Purpose. Multidrug-resistant Pseudo- monas aeruginosa (MDRP), which seems to be linked to antibiotics consumption, has become a significant problem. Infection control is of vital importance, hence, proper use of antimicrobial drugs is one of the most crucial roles of hospital pharmacists. In this study, we surveyed patients who had been prescribed intravenous (i.v.) ciprofloxacin (CPFX) as the only antibiotic, and evaluated the relation between the antimicrobial activity of CPFX and pharmacokinetic /pharmacodynamic from the blood concentration of CPFX. Methods. This study was performed retrospectively to 112 adult patients diagnosed as having respiratory infections who had been treated as inpatients with intravenous CPFX for more than 3 days at Toho University Omori Hospital in Tokyo. Minimum inhibitory concentration (MIC) for the bacterium was obtained from the antimicrobial susceptibility testing performed according to the guidelines.
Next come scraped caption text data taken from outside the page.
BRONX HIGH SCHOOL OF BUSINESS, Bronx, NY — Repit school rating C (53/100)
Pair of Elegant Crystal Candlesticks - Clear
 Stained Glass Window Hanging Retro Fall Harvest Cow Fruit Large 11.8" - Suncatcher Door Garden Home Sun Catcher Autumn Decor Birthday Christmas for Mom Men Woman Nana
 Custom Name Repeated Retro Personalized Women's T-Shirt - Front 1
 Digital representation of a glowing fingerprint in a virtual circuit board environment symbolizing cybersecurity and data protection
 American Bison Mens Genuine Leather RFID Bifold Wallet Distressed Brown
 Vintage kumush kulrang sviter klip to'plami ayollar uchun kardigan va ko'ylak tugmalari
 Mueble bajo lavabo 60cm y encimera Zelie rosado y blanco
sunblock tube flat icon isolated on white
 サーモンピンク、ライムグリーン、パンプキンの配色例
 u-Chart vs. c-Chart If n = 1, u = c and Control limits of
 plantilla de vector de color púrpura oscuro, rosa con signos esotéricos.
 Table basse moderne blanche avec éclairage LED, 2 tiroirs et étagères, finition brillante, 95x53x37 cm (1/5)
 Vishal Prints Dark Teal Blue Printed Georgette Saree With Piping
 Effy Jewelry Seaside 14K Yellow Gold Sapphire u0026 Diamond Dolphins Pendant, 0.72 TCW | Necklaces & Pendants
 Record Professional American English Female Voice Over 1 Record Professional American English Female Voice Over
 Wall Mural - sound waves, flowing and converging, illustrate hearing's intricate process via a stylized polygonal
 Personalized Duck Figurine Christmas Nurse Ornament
The potential efficacy of CPFX was evaluated by the peak plasma concentration (Cmax), area under the concentration curve (AUC) and AUC/MIC. The predictive AUC of each patient was obtained from the modified formulae reported by Forrest et al. (1993) [1]. Results. Although CPFX is excreted from the kidney, standard treatment with this drug does not take renal function into consideration. Our results indicated that CPFX was effective in less than 50% of the patients who received it. Moreover, the AUC/MIC ratio in both the responder group and the non-responder group was less than 125 that is the clinical target ratio of CPFX for gram-negative bacteria. Conclusion. These results suggest that the clinical use of CPFX for the treatment of infectious diseases does not reach the target AUC/MIC ratio, and that the concentration of CPFX is not within the range to which many pathogens are susceptible in a large proportion of patients. To ensure the effective treatment of patients with infectious diseases and to prevent the development of resistance in bacteria, we recommend therapeutic drug monitoring (TDM) of CPFX in hospitals.